Run Run Run
Courez, courez, courez à la Villa Arson pour célébrer l’anniversaire des vingt ans de La Station ! Accompagnée par un ami peu convaincu qui ne cessait de me dire : déjà fait, déjà vu ; du Kienholz, du Barbier, trop Richter, du Pistoletto sans qu’on se voie dedans et j’en passe… Malgré ça, je n’ai pas boudé mon plaisir, emportée par le foisonnement d’œuvres, inégales peut-être, mais dont certaines m’ont séduite, interrogée, amusée, déconcertée… alors que demander de plus !

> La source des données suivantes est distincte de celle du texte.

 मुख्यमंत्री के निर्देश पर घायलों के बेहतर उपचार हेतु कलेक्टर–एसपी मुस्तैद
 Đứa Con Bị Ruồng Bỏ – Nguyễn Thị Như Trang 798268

Ce qui m’a semblé dominer avant tout, c’est l’énergie qui se dégage de cette notion d’Artist-Run Space, c’est-à-dire de lieux inventés par des artistes pour des artistes. Je me dois de les citer tous, car ensuite je ne vous parlerai que de quelques-uns :
Atelier Expérimental (Clans), CAN – Centre d’Art de Neuchâtel (Suisse), Clovis XV (Bruxelles – Belgique), D.A.C – Dolceacqua arte contemporanea (Italie), Fondation René d’Azur (Nice), In Extenso (Clermont-Ferrand), La BF15 (Lyon), Le Bon Accueil (Rennes), L’Entreprise Culturelle (Paris), L’Espace d’en Bas (Paris), Le Wonder, Lieu Commun (Toulouse), ZEBRA3 / BUY SELLF (Bordeaux), LM (Paris), Macumba Night Club Editions (Paris), Maik Alles Gute (Berlin, Leipzig – Allemagne), Numéro 13 (Bruxelles – Belgique), Palais des Paris (Tokyo – Japon), Red District (Marseille), SNAP (Lyon), Tank Art Space (Marseille).

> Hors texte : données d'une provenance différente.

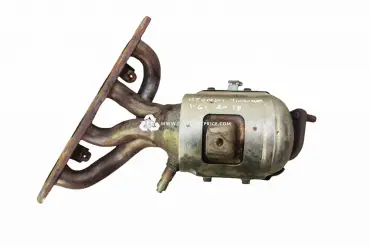 pot catalytique W2B960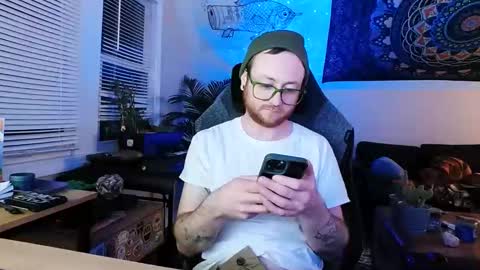 alexfoxxe online show from 01/18/25, 07:07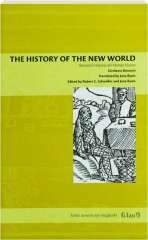 THE HISTORY OF THE NEW WORLD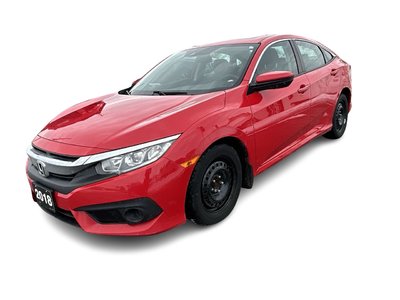 2018 Honda Civic in Barrie, Ontario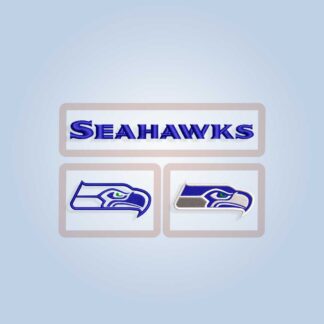 Seattle Seahawks Embroidery design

Mon enthousiasme va d’abord à Lieu Commun de Toulouse et Zebra3/Buyselff de Bordeaux. Il faut dire qu’ils ont bénéficié de la plus belle salle de la Villa, la Galerie carrée, mais ont su l’animer et présenter des propositions qui m’ont séduite : à l’entrée, Meurtrière, 2016, cette déchirure dans le mur, de Florian Pugnaire (renvoyant à sa belle exposition à la galerie Eva Vautier en ce moment), puis Le Collectionneur, un camping-car (objet de divergence avec mon interlocuteur) qui déverse une tribu d’artistes aux multiples propositions dont je retiendrai L’arbre à chat, 2016 de Laurent Le Deunff, Conversation (brasero), 2016, de Cédric Teisseire (qui s’invite ainsi dans l’exposition), et enfin cette installation en tuyaux d’arrosage de Laurent Perbos.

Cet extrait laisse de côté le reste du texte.